On Mon, Jan 16, 2006 at 09:25:38AM +0000, Wayne Stallwood wrote:
I was going to say that at least part of the problems with floppies (tiny capacity aside) is that modern drives are media seem to be rubbish. I never remember this many problems with my first (floppy only) x68 or my Amiga or even the Opus Discovery 3 1/2 " on my Spectrum...but most of those drives cost £100 or more where as now they are £3-£5.
Yup, I had dozens of disks for my Amiga (when I got the 4000 it had an HD drive) when I sold my 2 old Amigas on ebay last year I tested them and the disks that had been put in the loft for the past 10 years to make sure they were working.
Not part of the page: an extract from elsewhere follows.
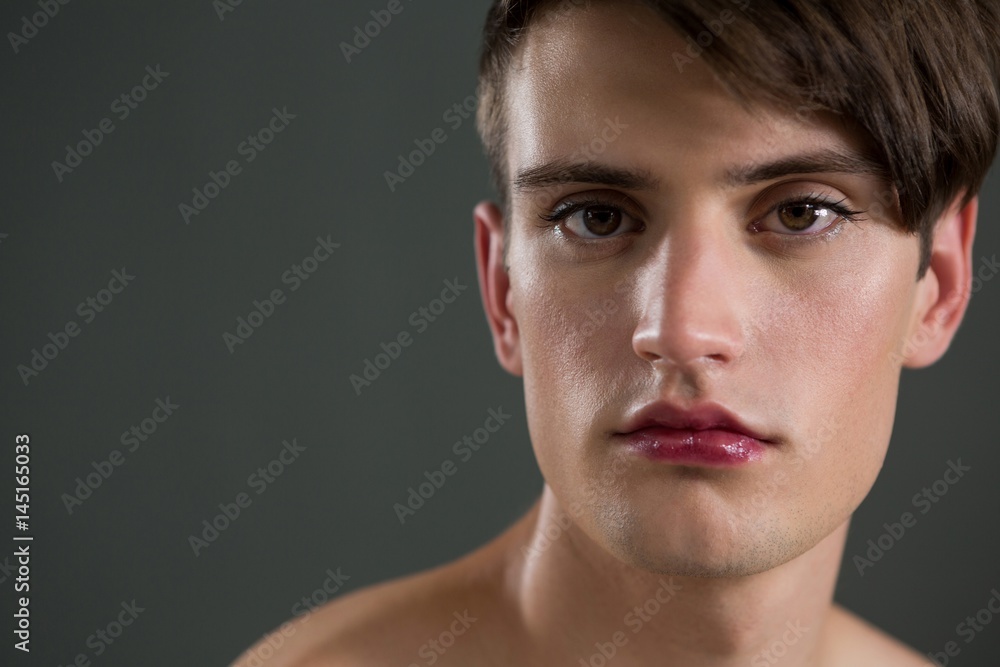 Obraz premium Shirtless androgynous man looking at camera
From my test of about 10 games (nostalgia!) all of them played ok as did other disks pulled at random. They don't build them like they used to.
Also have you noticed that Windows still is pretty much incapable of doing much else when it is reading/writing to a floppy.
Yup, *GRIND* *CHUNTTER* *CLICK* *CLICK* *CLICK* *GRIIIIIIIND* although to be fair, Linux wouldn't even mount the floppies I had yesterday, god knows why. I seem to recall that Linux also uses an inordinate amount of cpu power to pull data off a floppy disk is this a limitation of the x86 architecture? Back in the day I remember my Amiga pulling data off a disk while doing stuff at the same time.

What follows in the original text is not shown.